Blackberry Farms in Walland, Tennessee is on of the most celebrated hotel and culinary destinations in the country, a mega luxury inn, located on a 4,200 acre working farm from which the kitchen sources much of its ingredients. The Foothills Cuisine of Blackberry Farm: Recipes and Wisdom from Our Artisans, Chefs, and Smoky Mountain Ancestors
is the second book from proprietor Sam Beall and focuses on the “Artisans, Chefs, and Smoky Mountain Ancestors” of the area. (Fun fact about Beall: His family founded the fast-casual Ruby Tuesday’s chain, which is just about as different dining experience as you can have.)
The book is gorgeous and oversized, which is all the better to highlight the lush photos of the idyllic landscape, pristine ingredients, recipe steps and gorgeous finished dishes. But oversized cookbooks from acclaimed restaurants often give me pause. They usually feel more suited to the coffee table than the kitchen counter, meant to be displayed rather than used. In this case though it feels like they just needed the extra space to properly represent the exuberant and elegant photos of food and farm.
Beall describes the food as Foothills cuisine — because they are located at the border/ridgeline that separates “country mountain cuisine to our South and the haute cuisine of Knoxville to the North.

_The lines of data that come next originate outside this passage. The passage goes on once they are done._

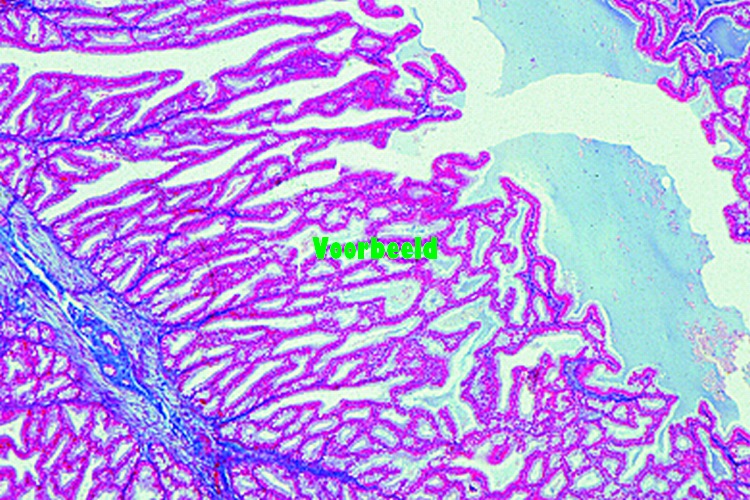 Seminal vesicle (Gl. vesiculosa), human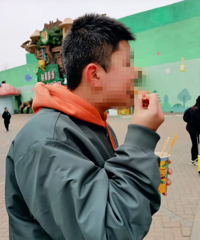 13岁的娃头发花白,白头发数量几乎占4成,你们遇到过这种情况吗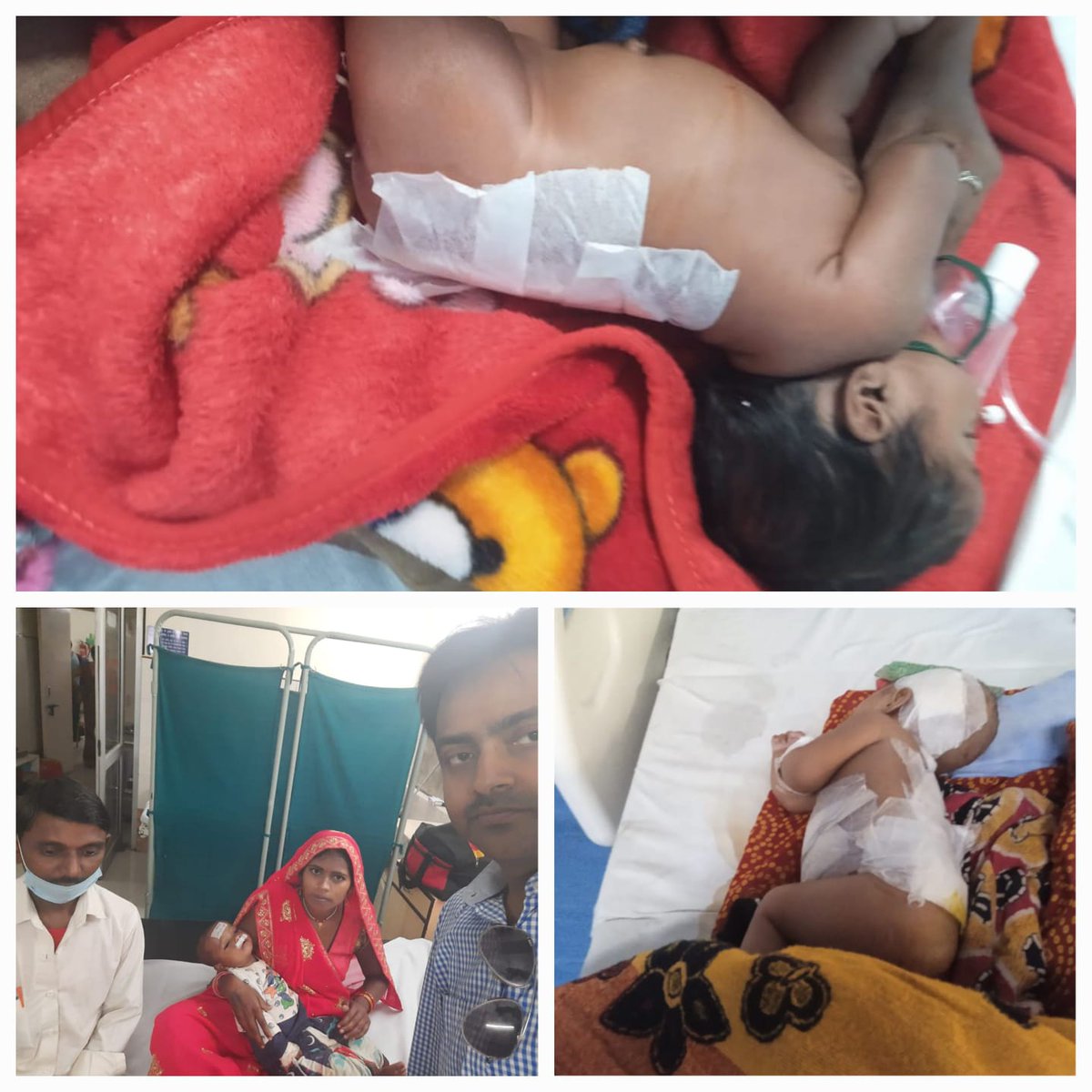 #राष्ट्रीय_बाल_स्वास्थ्य_कार्यक्रम से जन्मजात दोष से ग्रसित बच्चों को मिल रही है जीवन की नई किरण । न्यूरल ट्यूब डिफेक्ट से ग्रसित बेबी श्रुति और कार्तिक की #RBSK कार्यक्रम के अंतर्गत झांसी मेडिकल कॉलेज मे कराई गई निःशुल्क सर्जरी l
#स्वास्थ्यविभागउत्तरप्रदेश
<a href="/brajeshpathakup/">Brajesh Pathak</a>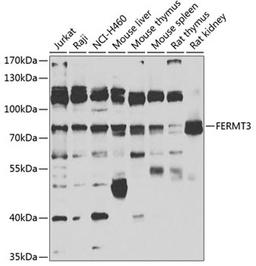 Western blot - FERMT3 antibody (A7839)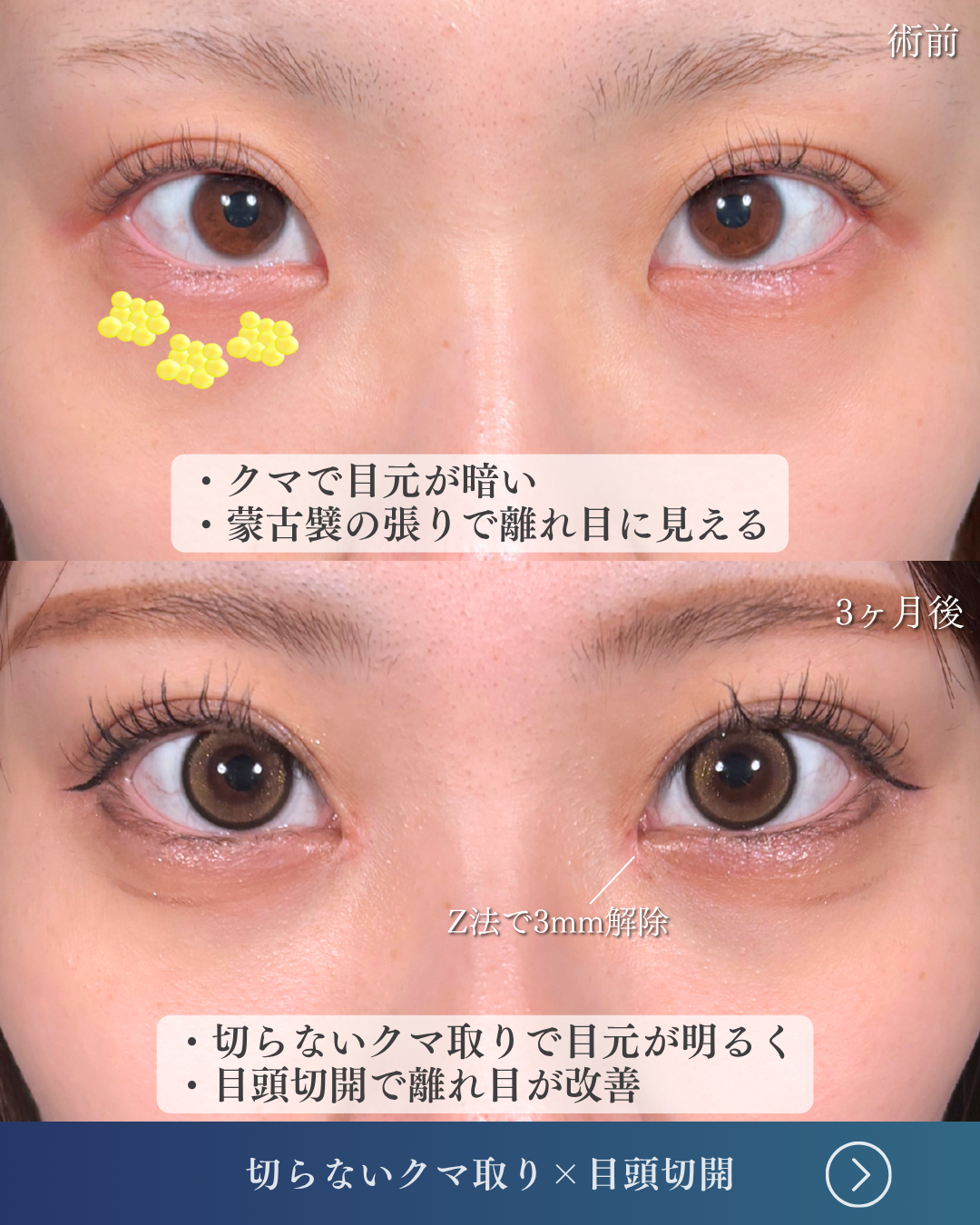 二重幅 二重幅9mm 」に関する美容整形の症例写真の詳細 | 新宿・池袋・大宮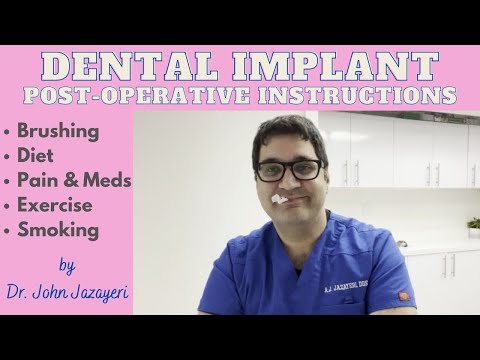 Dental Implant Post-Operative Instructions: Brushing, Diet, Pain, Exercise, etc.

The food of Blackberry Farm is a “blend of old and new, rural and urban, rustic and refined.”
Although the cuisine is restaurant quality, Beall focuses on making these recipes attainable in the home kitchen — equipment needs are mostly home kitchen stalwarts like rimmed baking sheets, vegetable peelers, and sheer plastic wrap. Measurements are given in both weight and volume.
The book follows the farming year, beginning in early Spring — or Come Grass Time in farm parlance, followed by other times, including Plantin’ Time, Lay By Time, Harvest Time, Hog Killin’ Time. These times aren’t tied to exact months, because the rhythms of agricultural life are based on weather and a farmer’s instincts and internal calendar rather than a paper calendar. Within each “time” are stories about what is going on with the land at the time, what is being planted and/or harvested, the food being cooked, and the artisans involved.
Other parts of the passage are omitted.